Missed this one, great pics especially the latest one. GT-SS are fun aren't they! 

Whats up with the gearbox?


----------



## manna_34 (Aug 28, 2008)

broke a spring or something so disengages out of 3rd, 4th and 5th into neutral.
not worth fixing its actually cheaper to get a whole new box.
can still drive her just gotta hold the gear stick in haha. sux


----------



## 2TurbosTwiceFun (Aug 28, 2009)

Flames FTW!  Hope it's back on the road soon... Considering how old this post is lol...


----------



## LiamGTR (Nov 26, 2006)

Personally, would have kept the S15


----------



## ROB_GTR (Dec 5, 2005)

very tidy looking 200 & new R33 GTR mate!


----------



## Darren-mac (May 13, 2009)

Very nice cars bud, one of the clenest examples of an r33 I've seen


----------



## anotherskyline (Sep 3, 2008)

very nice...the only r33 i've seen with these wheels...any info would be appreciated. :thumbsup: (size, wheel offsets)

Thanks/cheers,
Chad


----------



## anotherskyline (Sep 3, 2008)

sorry, but in order to PM manna, I need 15 posts total...


----------



## anotherskyline (Sep 3, 2008)

this is my last useless post just to PM manna...sorry all for this.


----------



## EMAGDNIM (Nov 17, 2008)

Man your S15 looked GREAT! I guess great minds think a like. I'm looking to buy a R33 next year as the S15 won't be legal in Canada for another 4 years (I've already started to collect parts). Anyways, enjoy your new GTR!


----------



## R55GDS (Jul 29, 2010)

Quiksilver: WIN
Car: WIN

Absolutely love it friend, nice car you got there!


----------



## jianwei (Mar 10, 2010)

sweet gtr.. love those xenon light.. wish i had those on my car.. man jamaica sucks.. i have to ship every nut over here.. i get those one day.. love ur can man keep it clean..


----------



## manna_34 (Aug 28, 2008)

many thanks gents. Car is still in the garage until i get some money to fix it. going on a holiday didnt help the cause haha.


----------



## manna_34 (Aug 28, 2008)

Latest photos. Played around with a camera rig the other night. Hope yas like.

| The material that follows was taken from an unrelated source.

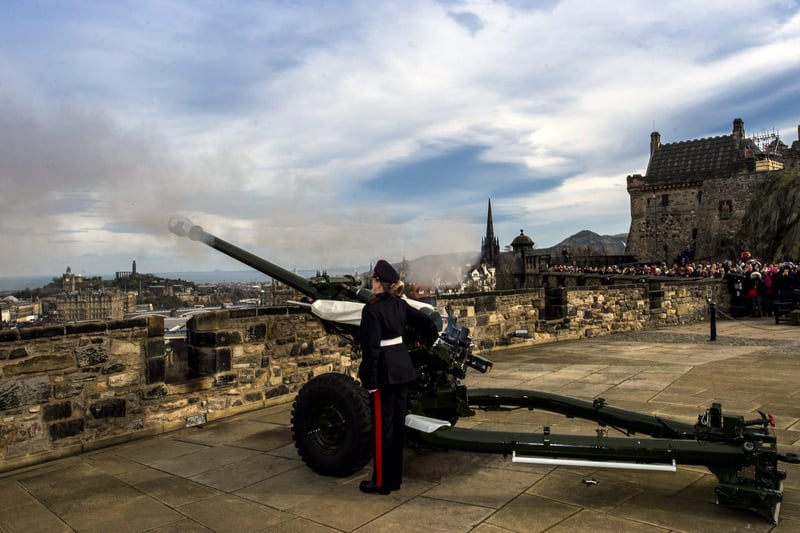 The people of Edinburgh always know what time it is thanks to Edinburgh Castle's One O'Clock Gun's daily reminder.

Uploaded with ImageShack.us



Uploaded with ImageShack.us


----------



## Brian220 (Mar 10, 2005)

Great photo's, what camera and lense do you use?


----------



## David-R (Feb 25, 2010)

those two last pics look brilliant :thumbsup:


----------



## Bisounours (Apr 12, 2009)

beautiful :thumbsup:


----------



## manna_34 (Aug 28, 2008)

Used a Canon 450D with a 10-22 wide angle lens.


----------